A richly illuminating read, it is also an informative historical account of the ways of life in Tudor England, such as customs, clothes, trades, and the general ethos of the time, without infelicity to provoke a sense of anachronism or incongruity. It is a surprisingly easy read in terms of the choice of everyday words and pellucid expressions without a display of pedantic knowledge on history and magisterial claim on academic superiority, given the author’s pedigree as Oxford-educated scholar and award-winning novelist. That is the gem of this highly fascinating read: Glendinning’s interpretations draw on her exceptional knowledge of these historical sources, but she wears her leaning lightly and writes with a general reader in mind, which is a true purpose of the Arts. Furthermore, Glendinning’s superb story-telling narrative skills makes her characters all the more realistic and alive, rendering the whole story contemporary with our time and relative to our concern. Glendinning takes the freedom of imagination in the context of regarding historical events and people to create her own fiction that reads like nonfiction. To encapsulate, this is an enjoyable and enlightening read that holds the reader’s attention without invasion of diversion or boredom.
Throughout a score of years, Agnes roams over the countryside and even makes forays into London. She meets and interacts with historical figures of fame and infamy. Agnes morphs into a character unsure of who she is and what she wants to do with her life. This remains unresolved even at the end of the book and for this reader, makes the ending unsatisfying. Throughout the novel, Glendinning uses many authentic terms specific to England of this period. Some of the terms relate to liturgical objects and architecture, tools and items of clothing. This reviewer depended on the e-kindle dictionary to gather the meanings of the terms since most were not clear from the context. For some terms, there were no definitions available. It would have been very helpful to have a glossary of the medieval terms.
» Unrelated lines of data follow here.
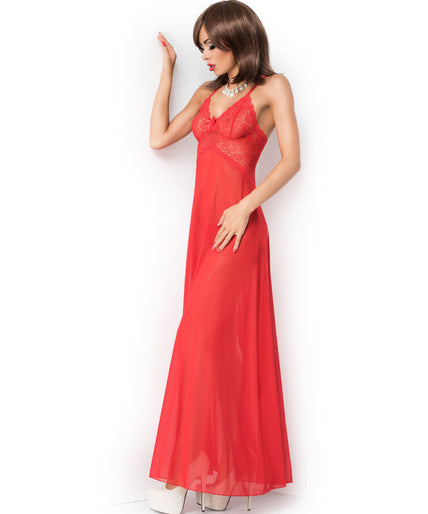 CHILIROSE - CR 3883 BABYDOLL LONG RED S/M CHILIROSE - CR 3883 BABYDOLL LONG RED S/M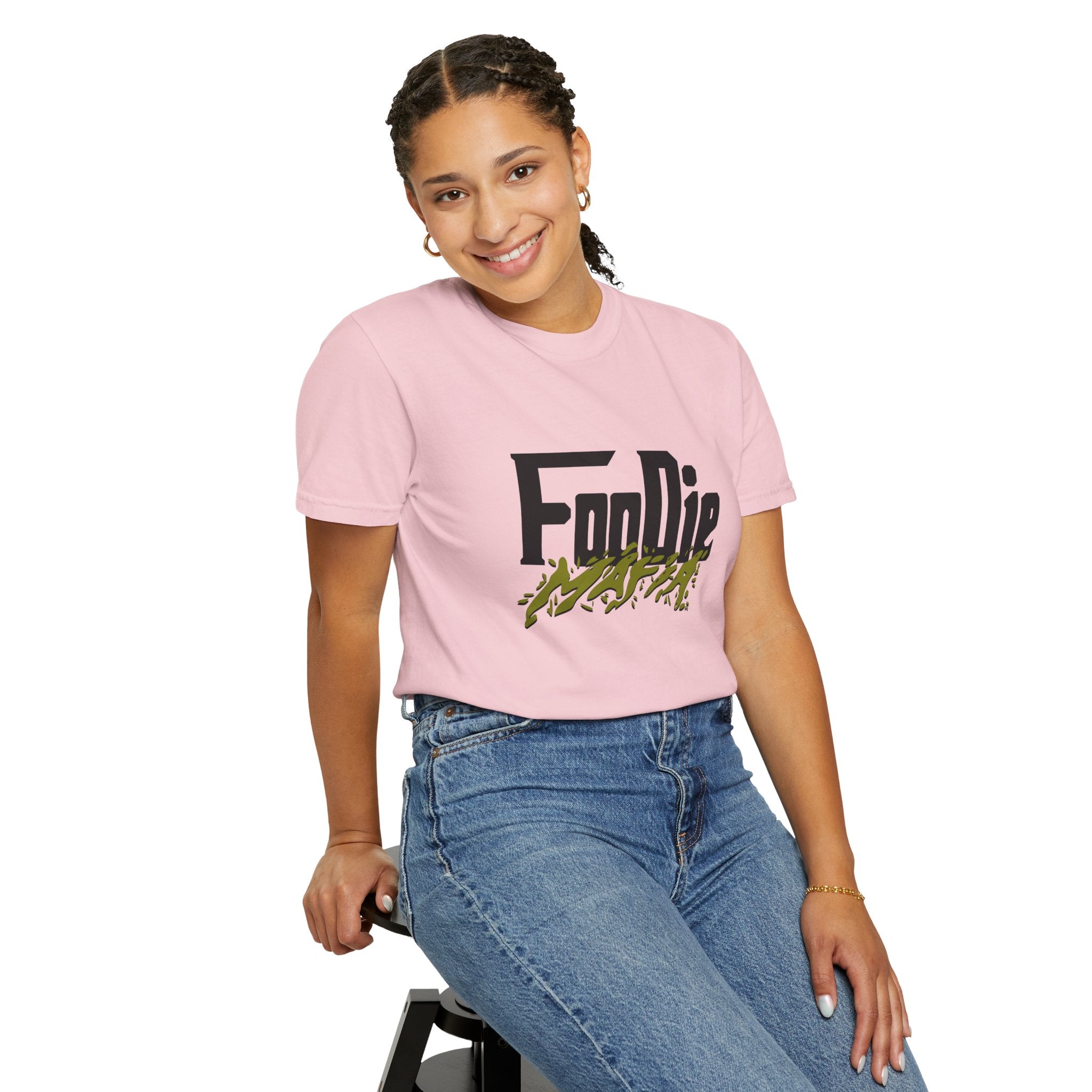 L.O.E.F Foodie Mafia Tee Shirt (Olive Green)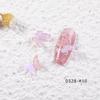 Estilo Idéntico al de Celebridad de Internet Joyería para Uñas ins Mariposa Aurora Acrílico Mini Tridimensional Decoración Fresca para Uñas diy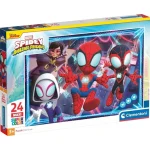 Szezonális akció Spidey és csodás barátai 24 db-os maxi supercolor puzzle – Clementoni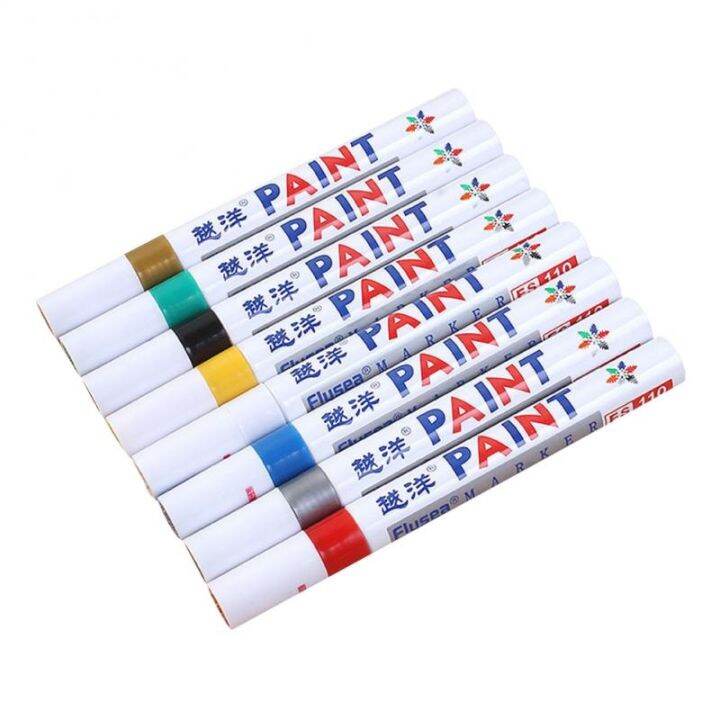 environmental-protection-paint-marker-pen-12-color-permanent-waterproof-pen-tire-car-graffiti-pen-new-universal-marker-pen-tslm1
Despite its short-comings, this is a worthwhile read. First, it gives a terse review of the upheaval caused by the desires of a selfish monarch, Henry VIII. The dismantling, literally and figuratively, of the Catholic Church created havoc not only for Church employees, but also for the surrounding communities that depended upon the Church for spiritual guidance, charity, food, shelter and an education for their children. The novel also provides a stark picture of the limitations on the lives of females in this era. They were considered by the Church in particular and society as a whole as weak, sexual prey whose main function was to procreate and endure hard labor to serve in a man's world. It is beneficial to be reminded how far most women have come and how others still must abide these constricted and oppressed roles.